WIEN (d.n.). Österreichs Bischöfe haben sich gleichsam ihr Büßergewand übergeworfen. Sie haben eingestanden, dass in der Vergangenheit Fehler im Umgang mit den Tätern sexuellen Missbrauchs begangen wurden und ein Vierpunkteprogramm beschlossen, mit dem der Kampf gegen Missbrauch verschärft werden soll. Opfer sexuellen Missbrauchs werden ausdrücklich aufgerufen, sich an die Ombudsstellen der Diözesen zu wenden (Wien, Tel.: 01/319 664 524).

„Fälle von sexuellem Missbrauch wurden oft verschwiegen. Für solche Vorkommnisse kann es nur Reue, Bitte um Vergebung und Bemühen um Heilung der Wunden geben. Leider wurden in der Vergangenheit zu Unrecht in der Kirche die Täter oft mehr geschützt als die Opfer. Mit Scham und Trauer stellen die Bischöfe fest, dass sich erst in den letzten Jahren in der Kirche in Österreich die Erkenntnis durchgesetzt hat, dass bei Missbrauchsvorwürfen nichts anderes zählt als die Wahrheit.“ Diese Erklärung hat am Freitag Kardinal Christoph Schönborn als Vorsitzender des Episkopats verlesen.

Die Frühjahrstagung der Bischöfe in St.Pölten und auch die Pressekonferenz einen Tag nach Abschluss der Beratungen waren entgegen den ursprünglichen Planungen ganz im Zeichen der Missbrauchsfälle gestanden, die zuletzt vor allem in Deutschland publik wurden. Bis zur Sommerkonferenz in Mariazell soll eine Projektgruppe aus Experten, deren Namen Schönborn nicht nennen wollte („Sie sollen in Ruhe arbeiten können“), ein detailliertes Gesamtkonzept zum noch wirksameren Umgang mit Fällen sexuellen Missbrauchs ausarbeiten.
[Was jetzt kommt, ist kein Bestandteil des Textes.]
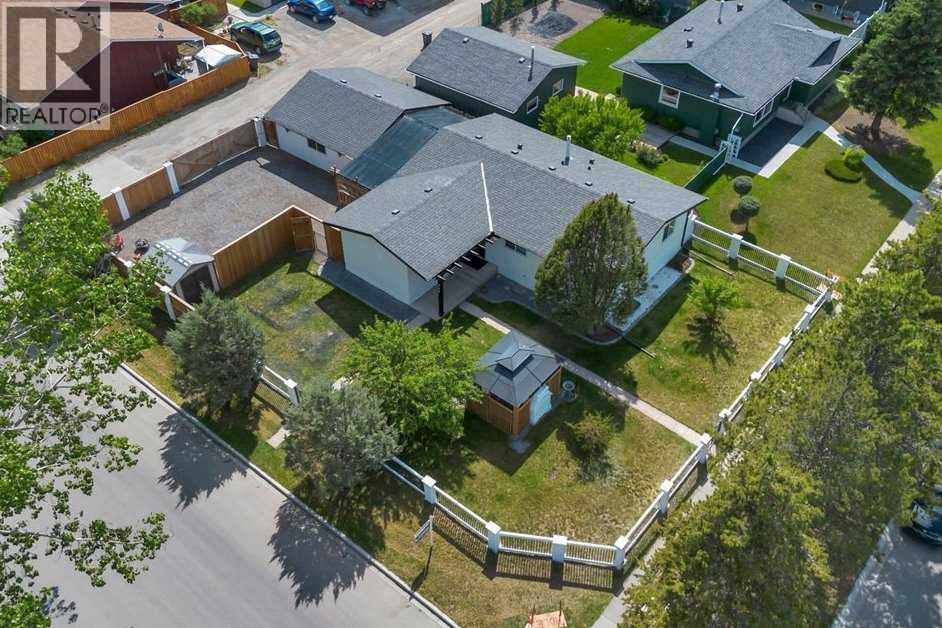 933 Macleod Trl SW, High River, AB T1V 1C2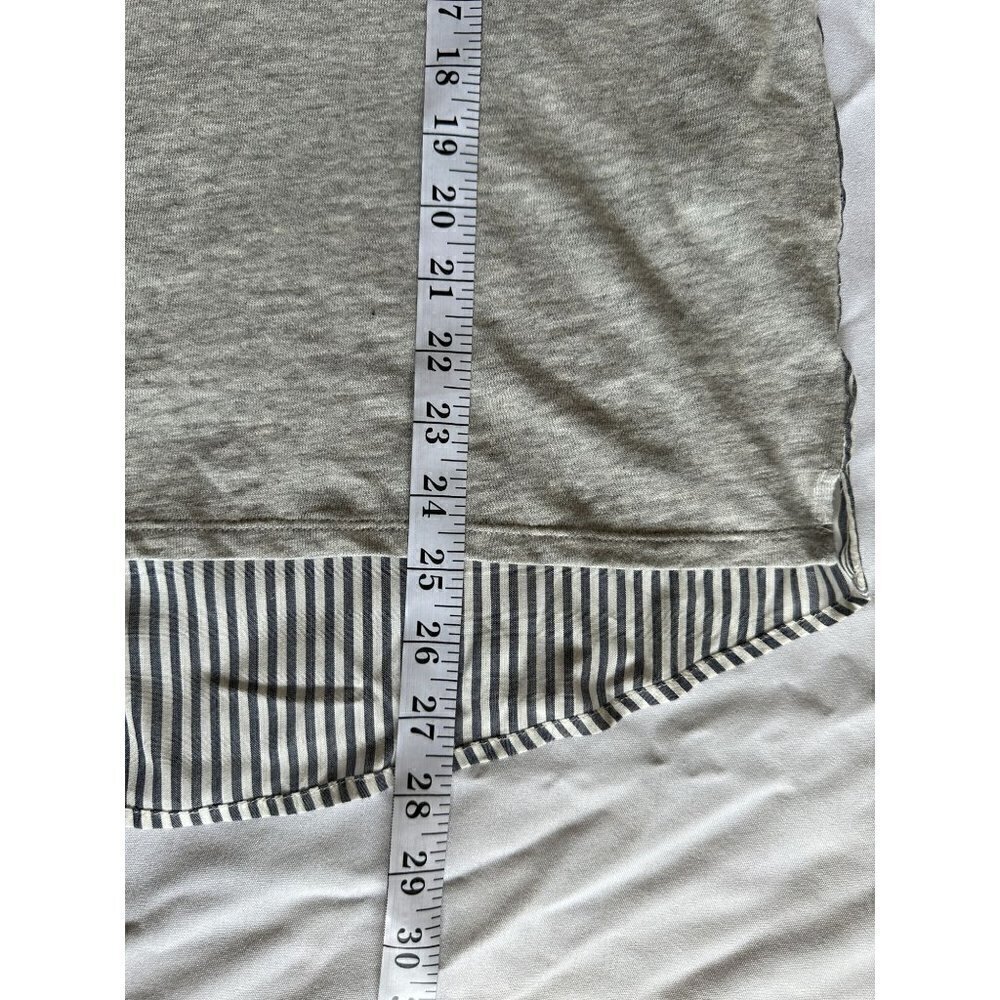 Vince Camuto Top Shirt Women XL Cotton Rayon Gray Front Blue White Stripes Back - Picture 9 of 10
Die vier Eckpunkte, die die Bischöfe vorgeben, im Detail („Die Presse“ hat über die Grundzüge der Beschlüsse bereits exklusiv in ihrer Freitag-Ausgabe berichtet):
Erarbeitung österreichweit gültiger Standards und Regeln; Basis soll das „Wiener Modell“ mit einer personell breit aufgestellten Ombudsstelle und einem Regulativ zur Verhinderung sexuellen Missbrauchs sein;
Zusammenarbeit der Ombudsstellen über die Grenzen der Diözese hinweg;
Einbindung aller Orden in die Zuständigkeit der Anlaufstellen für Opfer;
Verstärkung der Prävention durch Aus- und Weiterbildung der kirchlichen Mitarbeiter (unabhängig davon, ob angestellt oder ehrenamtlich).

Schönborn bekräftigte die heutige Praxis beim Auftauchen eines Verdachts gegen einen Kirchenmitarbeiter: Zunächst erfolge die sofortige Dienstfreistellung bis zum Ablauf der Verfahren. Bei einer Verurteilung folgt für einen Priester ein kirchenrechtliches Verfahren in Rom, an dessen Ende die Rückversetzung in den Laienstand stehen kann – und auch manchmal tatsächlich steht. Wie erst ganz aktuell in dieser Woche bei einem Priester, der eine mehrjährige Gefängnisstrafe abzubüßen hatte. Das entsprechende Dekret aus dem Vatikan platzte in die noch tagende Bischofskonferenz.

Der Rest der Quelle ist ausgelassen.